(Stored data entries)
******
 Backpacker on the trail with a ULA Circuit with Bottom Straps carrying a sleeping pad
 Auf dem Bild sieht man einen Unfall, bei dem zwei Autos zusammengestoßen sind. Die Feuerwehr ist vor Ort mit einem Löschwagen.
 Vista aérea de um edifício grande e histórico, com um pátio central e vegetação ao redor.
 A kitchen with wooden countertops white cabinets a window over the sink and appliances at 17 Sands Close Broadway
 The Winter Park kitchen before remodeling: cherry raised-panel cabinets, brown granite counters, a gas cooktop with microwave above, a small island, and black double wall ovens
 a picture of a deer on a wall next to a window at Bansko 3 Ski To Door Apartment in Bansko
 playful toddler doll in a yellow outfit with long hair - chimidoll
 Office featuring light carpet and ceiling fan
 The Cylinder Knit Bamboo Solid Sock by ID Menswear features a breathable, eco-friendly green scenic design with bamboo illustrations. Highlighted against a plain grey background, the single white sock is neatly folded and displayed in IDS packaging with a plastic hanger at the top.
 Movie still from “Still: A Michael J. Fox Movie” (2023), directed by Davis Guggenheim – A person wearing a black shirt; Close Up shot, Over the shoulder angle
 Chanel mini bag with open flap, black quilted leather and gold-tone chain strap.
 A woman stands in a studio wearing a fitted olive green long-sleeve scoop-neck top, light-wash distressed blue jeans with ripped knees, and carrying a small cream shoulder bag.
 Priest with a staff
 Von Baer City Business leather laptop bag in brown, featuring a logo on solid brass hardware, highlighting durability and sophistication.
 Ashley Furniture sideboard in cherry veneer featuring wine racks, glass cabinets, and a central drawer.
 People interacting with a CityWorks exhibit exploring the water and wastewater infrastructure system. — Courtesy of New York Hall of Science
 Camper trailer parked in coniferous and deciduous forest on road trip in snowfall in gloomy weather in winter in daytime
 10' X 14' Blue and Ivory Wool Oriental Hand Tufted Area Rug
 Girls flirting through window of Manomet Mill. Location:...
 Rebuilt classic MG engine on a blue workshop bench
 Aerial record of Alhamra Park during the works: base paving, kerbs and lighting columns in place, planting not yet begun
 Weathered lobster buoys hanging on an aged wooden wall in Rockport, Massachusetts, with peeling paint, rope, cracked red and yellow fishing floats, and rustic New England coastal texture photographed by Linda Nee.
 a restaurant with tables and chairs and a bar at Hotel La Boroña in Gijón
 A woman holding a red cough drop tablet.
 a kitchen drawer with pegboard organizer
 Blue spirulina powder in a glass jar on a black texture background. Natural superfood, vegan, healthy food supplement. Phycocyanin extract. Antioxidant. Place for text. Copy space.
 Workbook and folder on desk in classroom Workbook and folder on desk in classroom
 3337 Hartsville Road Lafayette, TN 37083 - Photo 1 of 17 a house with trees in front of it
******
Across the data, find each line that has "shoulder" in it and copy that line.

Result of this exercise:
 Movie still from “Still: A Michael J. Fox Movie” (2023), directed by Davis Guggenheim – A person wearing a black shirt; Close Up shot, Over the shoulder angle
 A woman stands in a studio wearing a fitted olive green long-sleeve scoop-neck top, light-wash distressed blue jeans with ripped knees, and carrying a small cream shoulder bag.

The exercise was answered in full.